Europe-MidEast-Africa Base Oil Price Report


Its a lightweight week on the EMEA base oil scene, with very little reported price movement and few negotiations for new business.

With most players away from their desks, plus a number of turnarounds and very little extra spot demand from receivers in the Middle East Gulf, India and Far East, very few items have come to report this week.

There is still demand from buyers in places such as Turkey and South America for API Group I material from Europe, but few suppliers are able to increase production to cover these requirements. Contracted and long term business is taking up all of the available material from the market.

Some producers who have gone into turnaround, or who have had small plant problems over the past few months, are stating that they have few availabilities for spot business for the next two or three months. One or two suppliers say they are committed on all available material until the end of this year.
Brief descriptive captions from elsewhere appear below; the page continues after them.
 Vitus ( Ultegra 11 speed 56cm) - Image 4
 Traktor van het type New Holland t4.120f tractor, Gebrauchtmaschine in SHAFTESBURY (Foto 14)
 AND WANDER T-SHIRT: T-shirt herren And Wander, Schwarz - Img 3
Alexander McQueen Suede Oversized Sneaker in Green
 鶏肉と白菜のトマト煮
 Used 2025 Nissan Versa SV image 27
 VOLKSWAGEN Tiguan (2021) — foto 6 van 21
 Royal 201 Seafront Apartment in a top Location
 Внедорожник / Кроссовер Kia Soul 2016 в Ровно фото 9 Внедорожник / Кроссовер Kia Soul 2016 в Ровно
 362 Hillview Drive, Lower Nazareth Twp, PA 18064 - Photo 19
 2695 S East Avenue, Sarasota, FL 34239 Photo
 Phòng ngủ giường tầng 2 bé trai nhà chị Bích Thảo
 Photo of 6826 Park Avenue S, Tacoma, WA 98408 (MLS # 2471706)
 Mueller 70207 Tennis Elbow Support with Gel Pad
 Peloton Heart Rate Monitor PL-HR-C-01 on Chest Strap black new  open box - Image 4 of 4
No real demand pressure is coming from the buying fraternity, perhaps because there are no additional base stocks available within Europe. Those who have arrangements in place are content to stay with current suppliers rather than attempt to obtain lower priced or better quality material elsewhere.

Where there has been increased demand, such as in Turkey and Brazil, requirements appear to have been met locally after some time, or else blenders have simply backed off and have turned down the opportunities to produce further quantities of finished lubricants.

Prices have not moved, since very little business has actually been transacted.

Levels are placed in the same ranges as last week, with Group I light neutrals showing between $935 and $970 per metric ton, heavy neutrals SN500/600 between $965 and $1,010/t, and bright stock remaining at $1,100 to $1,170/t, all basis FOB, in bulk, and in some cases, in containers.

These levels show few signs of either increasing, or indeed, decreasing, although outside influences are always at hand. Crude oil has again fallen in a weakening market due to large stocks now being held within the U.S. pool. Dated Brent is now trading at around $72 per barrel, and WTI has fallen back to an even lower level at $71.50. With healthy stock positions, demand faltering and economic doubts on both sides of the Atlantic, the scene is set to remain negative.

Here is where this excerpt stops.